**What the task asks**
So long as no pictures are carried over, output the records below exactly.

**Input**
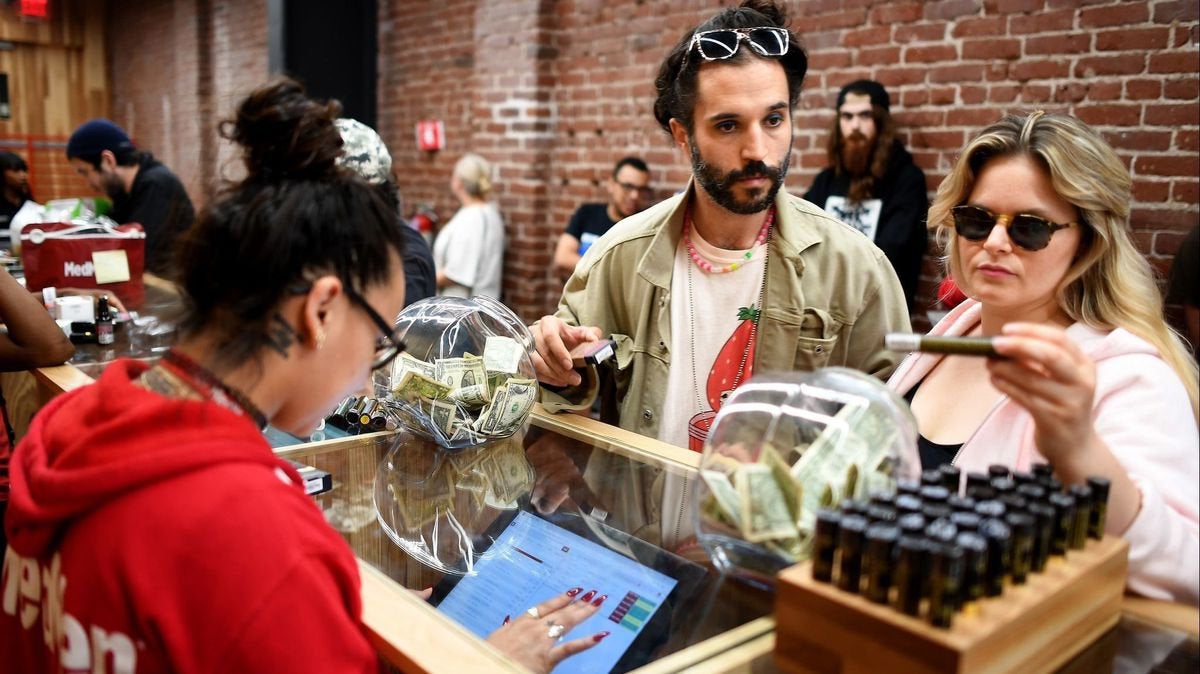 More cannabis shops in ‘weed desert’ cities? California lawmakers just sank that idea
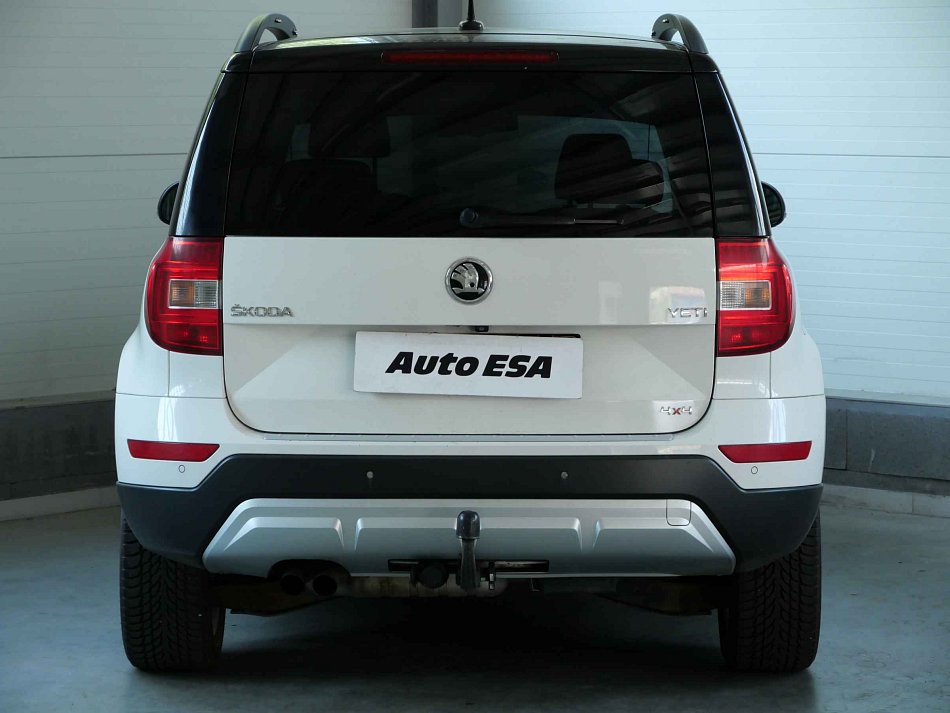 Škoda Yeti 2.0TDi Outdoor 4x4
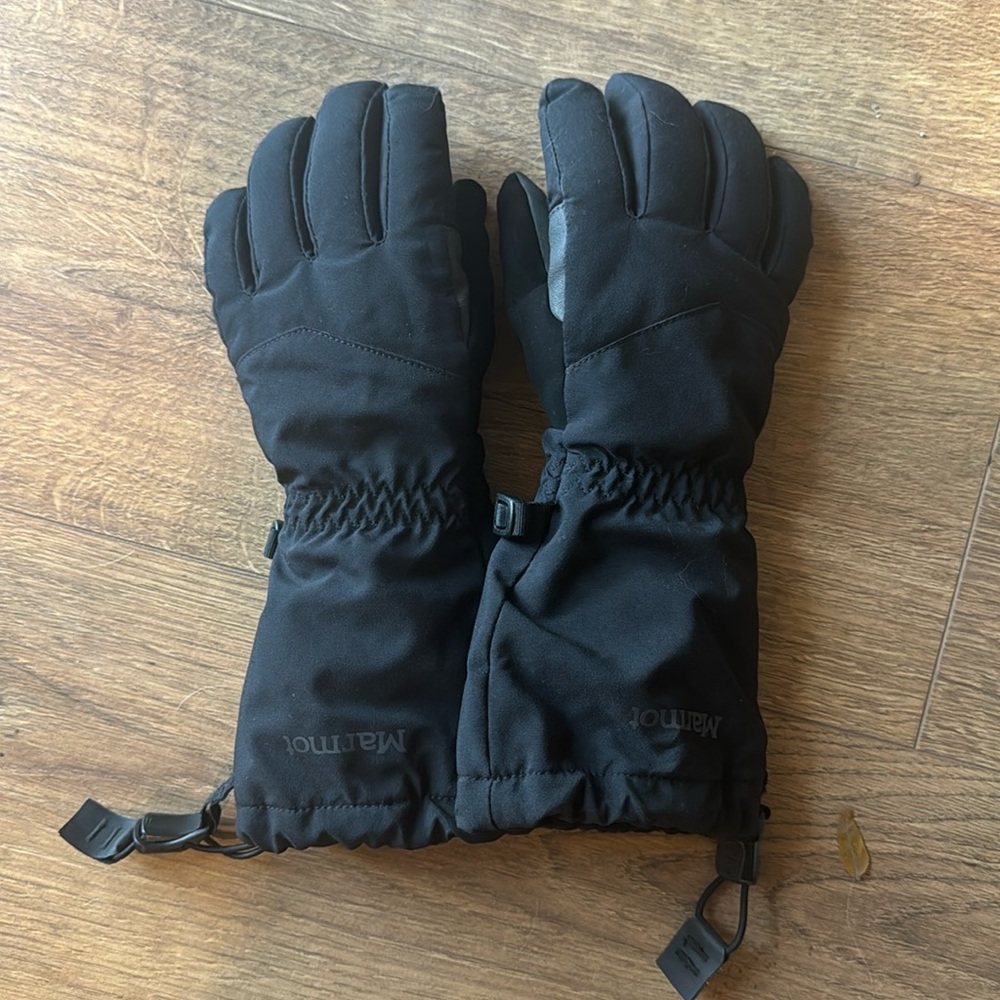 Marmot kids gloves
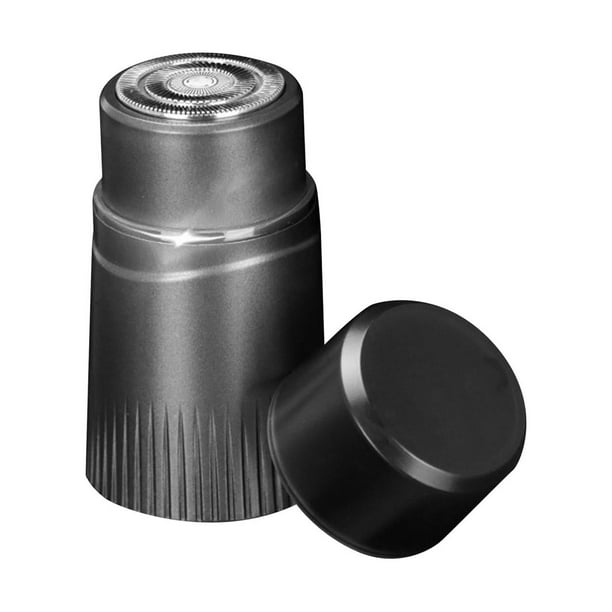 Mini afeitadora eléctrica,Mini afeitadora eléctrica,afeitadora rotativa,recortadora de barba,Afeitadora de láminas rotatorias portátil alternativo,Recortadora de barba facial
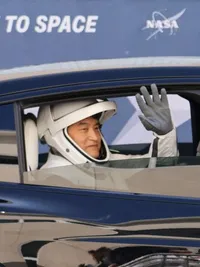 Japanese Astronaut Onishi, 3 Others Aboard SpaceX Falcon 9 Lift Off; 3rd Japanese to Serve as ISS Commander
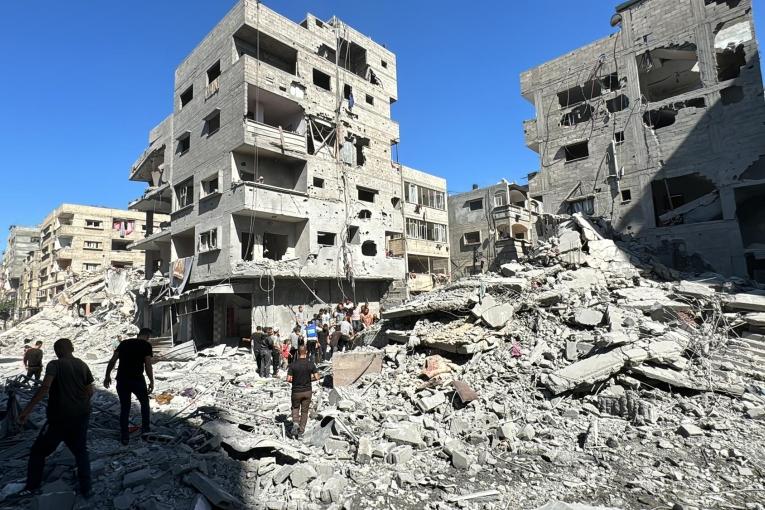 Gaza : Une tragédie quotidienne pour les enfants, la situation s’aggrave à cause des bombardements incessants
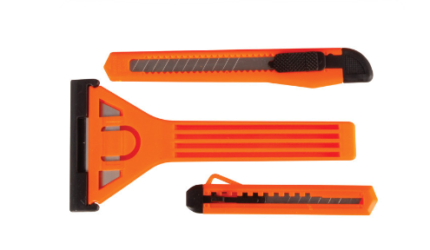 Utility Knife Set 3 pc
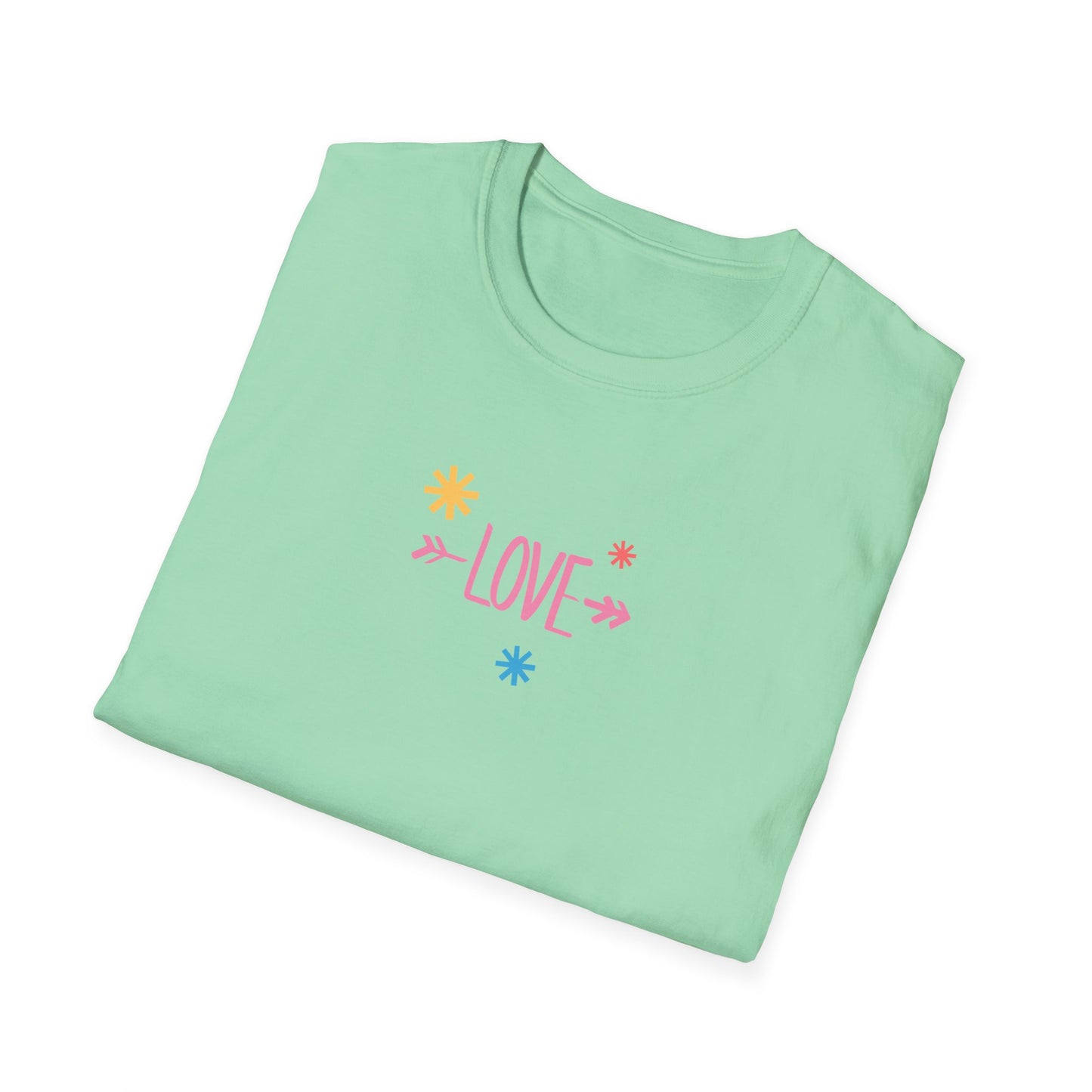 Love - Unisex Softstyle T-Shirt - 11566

**Exercise output**
 More cannabis shops in ‘weed desert’ cities? California lawmakers just sank that idea
 Škoda Yeti 2.0TDi Outdoor 4x4
 Marmot kids gloves
 Mini afeitadora eléctrica,Mini afeitadora eléctrica,afeitadora rotativa,recortadora de barba,Afeitadora de láminas rotatorias portátil alternativo,Recortadora de barba facial
 Japanese Astronaut Onishi, 3 Others Aboard SpaceX Falcon 9 Lift Off; 3rd Japanese to Serve as ISS Commander
 Gaza : Une tragédie quotidienne pour les enfants, la situation s’aggrave à cause des bombardements incessants
 Utility Knife Set 3 pc
 Love - Unisex Softstyle T-Shirt - 11566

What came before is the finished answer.